If only it were that easy.  There are all kinds of other critters.  Spiders pop in from the sides; beetles crawl around you.  Mosquitoes, Bees, and Dragonflies attack from the top.  And inchworms and earwigs crawl across the screen creating havoc of their own.  Fortunately, you do have DDT bombs that will destroy any pest that touches the poison cloud when you set them off.  (Unfortunately, I usually seem to hit them by mistake.)

Of course, your main point of attack is the arrow you shoot up toward the top of the screen.  While you can hit the red button each time you want to fire, just holding the button down is also an option.  While you are only allow a certain number of arrows at a time, it saves your thumb, and usually I want to be firing at all times anyway.

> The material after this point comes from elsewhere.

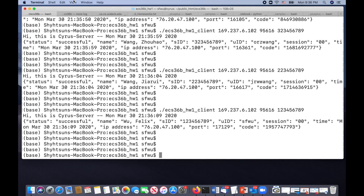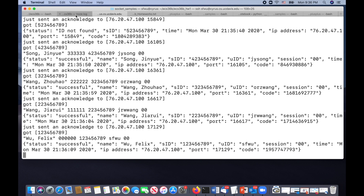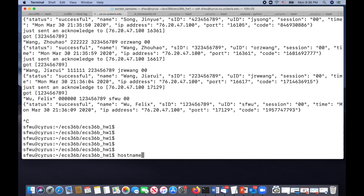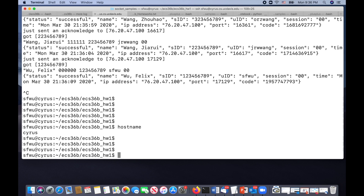On the server side in cyrus, the log records the IP address 76.20.47.100 - different from the local machine's address. This difference in IP addresses is something we'll explain in detail, particularly related to homework assignment number two. I hope you now have a high-level picture of what homework assignment number one is about. Thank you.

And have I mentioned the mushrooms?  Every time you hit a segment of a millipede, it turns into a mushroom.  Other insects leave them behind.  Fortunately, spiders do take them away because the more crowded the screen with mushrooms, the quicker the millipedes advance to the bottom and really threaten you.  Also, mushrooms seem to pop up on their own between rounds at times.

If you get the feeling that a lot happens quickly in this game, you'd be correct.  It's hard to have much of a strategy since it seems like something new is always coming at you.  Your best bet is to dodge and fire.

Fortunately, the controls are very easy to master.  Point the joystick I in the direction you want to go, and you'll move there.  You can only move about a third of the way up the screen, and there is actually a line to show you where that is.  The arcade game used a trackball for the controller, and Atari sold an option trackball controller for their system.  I loved to play this game with that controller because it was even easier.

The only choice you have in the way of game variations is what level score you start with.  Obviously, it's harder the higher you start.  There is no two player option, and the difficulty switches don't do anything either.

Graphics on this game aren't the greatest.  You and the mushrooms are blocks (although that was the case for you in the arcade if I remember correctly).  The various creatures have squarish parts, although you can still pretty much tell what they are.  The only truly strange ones are the mosquitoes with are diagonal lines with two "wings" sticking off them.  It's hard to tell the dragonflies and bees apart, not that it really matters.

The insects make all kinds of sound effects when they are on screen.  It's to help you indentify which ones are out.  It's all electronic sounds that really don't mean much until you learn to tell them apart.  Even then, it's often hard to tell because multiple things are happening at the same time.  As I recall, the arcade version was like that as well.  It's not a bad thing, but it could have been better.

Because of the variety of the bugs, this game is much harder than Centipede.  I enjoyed this one for a challenge, but I enjoyed the first one because it was relaxing while still presenting a challenge.  (And yes, I have them both.)  I don't know that this game calls for more than half an hour at a time because of how repetitive it is, but it's still fun.

And that fun holds up today.  Dated graphics and potentially overwhelming sound don't really hamper Millipede at all.